A combination of teacher, actor and cook, a television chef must have adequate cooking skills, an aptitude for instructing others and an excellent stage presence. The demand for television chefs has risen in tandem with the popularity of cooking shows, creating a need for marketable personalities to effectively instruct and entertain. After a waiting period, casting departments for cooking shows typically make call backs to the best candidates and invite them to meet with the show’s producers. During this filmed meeting, the producers determine how the applicant’s personality will translate onto television and then decide if an applicant will fit into the show’s dynamics.
Acquire culinary training, either in a formal setting or a professional kitchen. The public demand for cooking programs and television chefs has prompted many culinary schools to offer media training, with an emphasis on television, as part of the standard curriculum. Cooking seen on most food programs deviates from classical cooking techniques, but a strong culinary background adds credibility and builds trust with the cooking show audience.
Participate in a commercial acting class. Cooking shows are similar to television commercials in that they both have a relatively short amount of time to engage an audience, build trust and persuade people to purchase a product or service. Cooking shows essentially sell, or encourage the viewer to prescribe to, a cooking idea, recipe or technique.

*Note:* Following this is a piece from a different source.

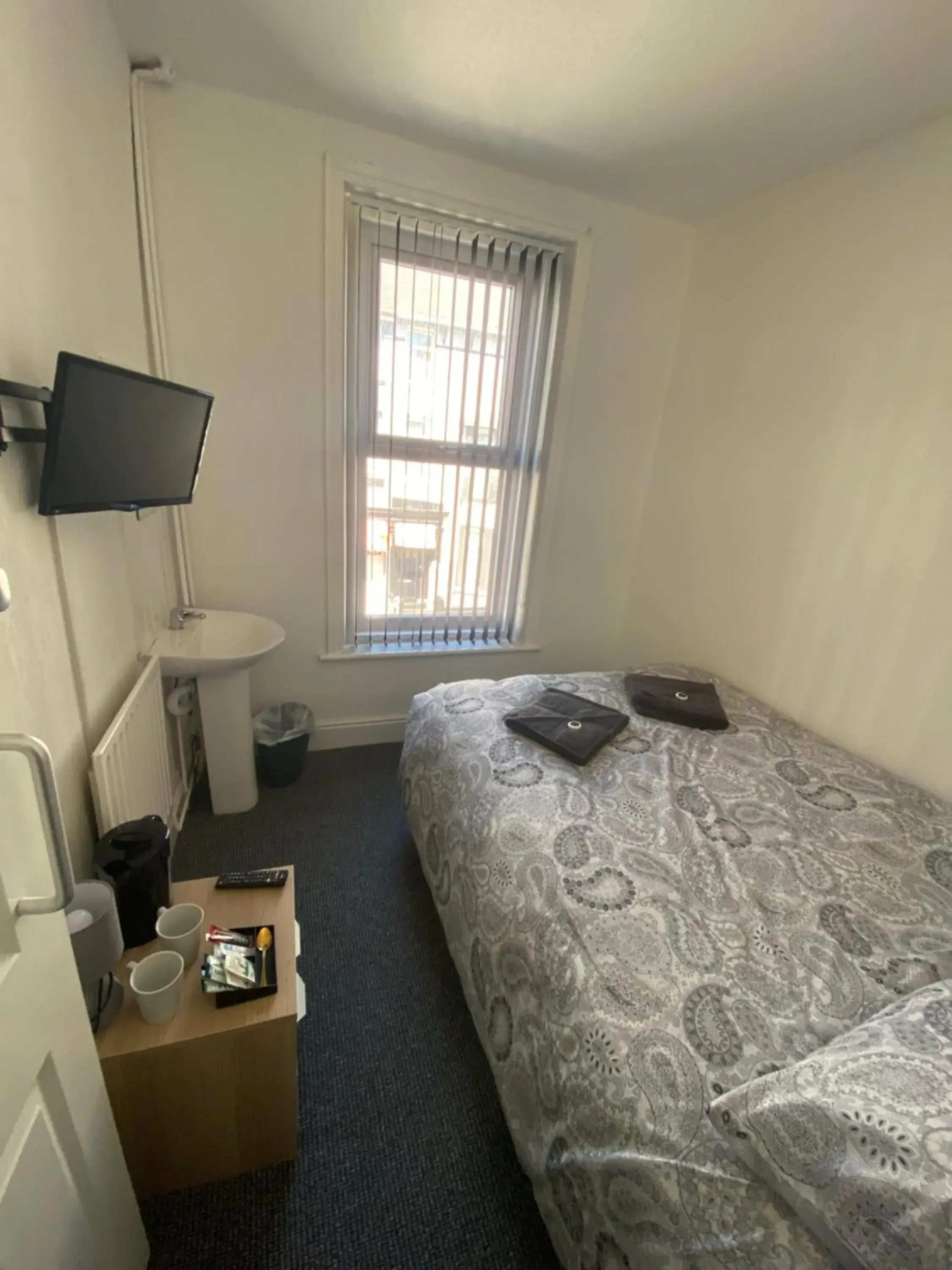 Double Room with Shared Bathroom in The Honley hotel Double Room with Shared Bathroom in The Honley hotel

Although primarily a cook, a television chef must portray and instruct her audience in a manner that exhibits confidence. A commercial acting class helps develop those skills by introducing the workings of a film set, providing instruction in audition techniques and teaching students to convey concepts in a confident manner while being filmed.
Audition for cooking shows. Numerous opportunities now exist for aspiring television chefs in the form of reality shows centered around cooking and contest-type programs in which the winner secures a contract to host a cooking show. Involvement in programming of this type provides valuable media exposure and can lead to other, more lucrative opportunities later. Several contestants who did not win on Bravo’s “Top Chef” or The Food Network’s “The Next Food Network Star” have continued on to host their own food-related television shows.
Although many factors other than cooking skills determine a cooking show applicant’s acceptance, the application process for these shows begins with the submission of a brief video with narrative of the applicant cooking.
A detailed application requesting background information, professional cooking history and any film or television experience is also required. Applications typically also inquire of any present or past relationships the applicant might have with any television chefs, if they have ever met or worked for any judges of the cooking show and why they feel they belong on the show.
Entertainment industry trade publications such as “Backstage West” routinely advertise casting calls and auditions for food-related programming.